La tourelle de 105 mm la plus légère du marché
Le cœur d’un blindé de combat est constitué de son système d’armes. Frank Jansens, General Manager Weapon Systems de John Cockerill Defense : « Le FENRIS est doté d’une tourelle Cockerill 3105 qui reçoit le tube de 105 mm Cockerill® à haute pression, compatible avec toutes les munitions OTAN du marché, et associé à une conduite de tir de dernière génération intégrant nativement de l’intelligence artificielle pour l’acquisition et l’engagement des cibles. En particulier sur FENRIS, la 3105 cumule plusieurs superlatifs : tourelle de 105 mm la plus légère du marché, elle procure un vrai gain de mobilité additionnel à son porteur. » Elle offre aussi à l’armement principal, stabilisé sur deux axes, un excellent débattement vertical, à la fois en site positif et en site négatif. L’équipage est donc en mesure de traiter, à sa convenance, des cibles situées « dans les hauts » (étages supérieurs d’immeubles, crêtes …), comme en défilement de tir, en contrepente ou encore au-delà de la vue directe en agissant comme une pièce d’artillerie de circonstance.

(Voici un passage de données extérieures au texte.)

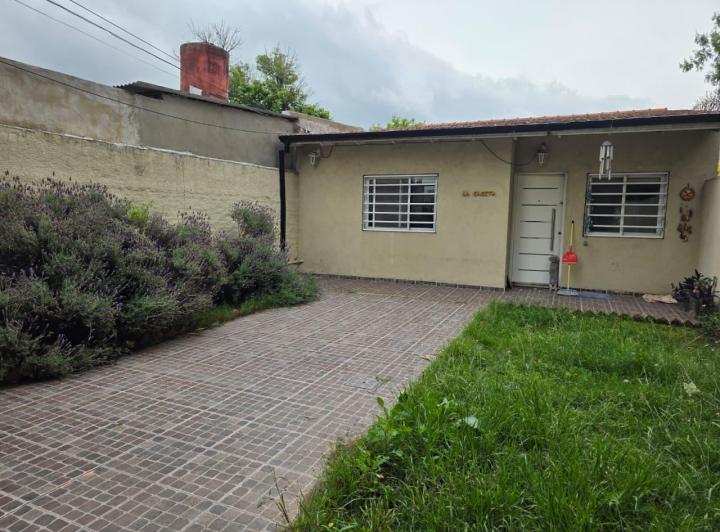 Casa · 256m² · 6 Ambientes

Enfin, l’autoprotection contre les drones est intégrée nativement en tourelle : le FENRIS dispose d’une toute nouvelle itération du viseur-chef armé Hornet-S. En version C-UAS, il associe un à plusieurs radars à sa traditionnelle MAG 58 en 7,62 mm pour lui procurer une capacité d’autodéfense autonome. En fusionnant trois fonctions dans un seul système – l’observation au travers de l’optique du chef, la défense rapprochée traditionnelle comme un tourelleau téléopérée, et désormais une capacité anti-drone – le Hornet S C-UAS apporte un vrai gain au FENRIS en matière d’encombrement du toit de tourelle, et in fine de furtivité et de discrétion.

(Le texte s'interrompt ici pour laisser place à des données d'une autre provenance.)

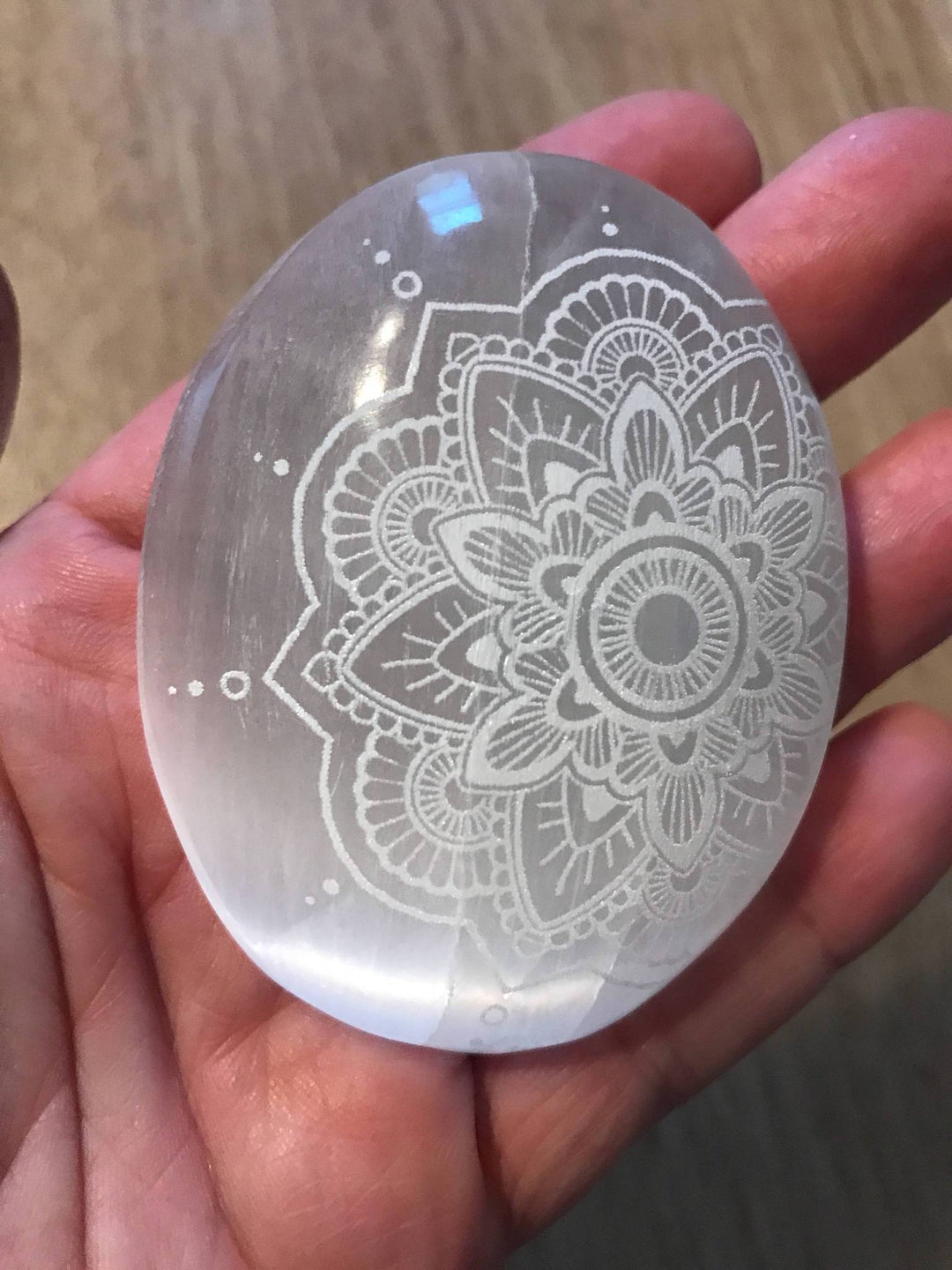 Selenite Mandala Palmstone - BodyFactory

Par ses caractéristiques, le FENRIS n’a évidemment pas vocation à se substituer aux chars de combat modernes, mais plutôt à les compléter avec intelligence et souplesse. Précis et agile, il apporte aux unités de reconnaissance une grande puissance de feu avec une mobilité tactique de premier ordre. Il procure aux formations d’infanterie, qui ne dispose souvent pas organiquement de chars, d’une capacité d’appui directe très polyvalente. Son châssis à roues procure enfin une mobilité totalement homogène à celle des formations médianes, autant en vitesse qu’en autonomie ou en aérotransportabilité par exemple. Le tout dans un PTAC de 26 tonnes, ce qui semble le prédestiner naturellement vers des pays dont la topographie, les infrastructures et les moyens logistiques se prêtent imparfaitement à l’acquisition d’engins de combat plus lourds.
Présentée près de deux ans après l’acquisition d’Arquus par John Cockerill Defense, cette innovation stratégique symbolise la complémentarité des solutions de John Cockerill Defense et témoigne de sa capacité à répondre aux besoins évolutifs des forces terrestres dans le monde.